Exercise directions:
Please write out exactly the lines of the data below from the line holding "Beige textured slip-on" through the line holding "Fyra herrar står", and leave out the rest.

Records shown:
>>
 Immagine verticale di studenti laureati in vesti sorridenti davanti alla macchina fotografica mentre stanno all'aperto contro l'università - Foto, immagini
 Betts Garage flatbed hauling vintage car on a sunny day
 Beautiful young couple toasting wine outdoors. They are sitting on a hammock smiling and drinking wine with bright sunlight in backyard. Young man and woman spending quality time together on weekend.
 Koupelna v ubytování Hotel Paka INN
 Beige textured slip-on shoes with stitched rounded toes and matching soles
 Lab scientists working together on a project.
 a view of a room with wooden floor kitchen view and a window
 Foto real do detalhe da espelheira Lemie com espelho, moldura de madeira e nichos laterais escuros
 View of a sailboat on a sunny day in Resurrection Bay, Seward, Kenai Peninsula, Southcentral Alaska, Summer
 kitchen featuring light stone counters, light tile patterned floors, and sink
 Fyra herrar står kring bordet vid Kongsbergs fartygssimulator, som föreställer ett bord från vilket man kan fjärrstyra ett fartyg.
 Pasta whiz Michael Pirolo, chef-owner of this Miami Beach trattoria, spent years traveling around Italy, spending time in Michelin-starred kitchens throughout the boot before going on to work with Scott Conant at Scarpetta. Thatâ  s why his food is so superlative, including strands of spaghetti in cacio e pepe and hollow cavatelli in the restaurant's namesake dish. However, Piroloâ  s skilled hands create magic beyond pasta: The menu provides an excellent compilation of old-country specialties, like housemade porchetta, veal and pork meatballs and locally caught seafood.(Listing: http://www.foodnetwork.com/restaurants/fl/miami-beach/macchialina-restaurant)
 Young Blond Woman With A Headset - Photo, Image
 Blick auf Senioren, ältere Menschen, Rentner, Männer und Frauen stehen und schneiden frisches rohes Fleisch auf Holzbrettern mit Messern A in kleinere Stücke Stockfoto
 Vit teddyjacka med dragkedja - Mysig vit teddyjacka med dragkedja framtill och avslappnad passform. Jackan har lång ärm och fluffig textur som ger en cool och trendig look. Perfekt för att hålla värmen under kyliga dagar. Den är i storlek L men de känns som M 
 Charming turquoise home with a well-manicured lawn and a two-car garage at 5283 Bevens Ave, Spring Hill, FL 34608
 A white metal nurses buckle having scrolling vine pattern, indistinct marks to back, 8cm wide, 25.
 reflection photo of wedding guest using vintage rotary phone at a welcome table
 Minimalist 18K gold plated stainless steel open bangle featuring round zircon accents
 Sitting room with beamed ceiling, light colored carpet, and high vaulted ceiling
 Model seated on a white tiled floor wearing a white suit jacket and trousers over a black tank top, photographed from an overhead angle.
<<
Exercise response:
 Beige textured slip-on shoes with stitched rounded toes and matching soles
 Lab scientists working together on a project.
 a view of a room with wooden floor kitchen view and a window
 Foto real do detalhe da espelheira Lemie com espelho, moldura de madeira e nichos laterais escuros
 View of a sailboat on a sunny day in Resurrection Bay, Seward, Kenai Peninsula, Southcentral Alaska, Summer
 kitchen featuring light stone counters, light tile patterned floors, and sink
 Fyra herrar står kring bordet vid Kongsbergs fartygssimulator, som föreställer ett bord från vilket man kan fjärrstyra ett fartyg.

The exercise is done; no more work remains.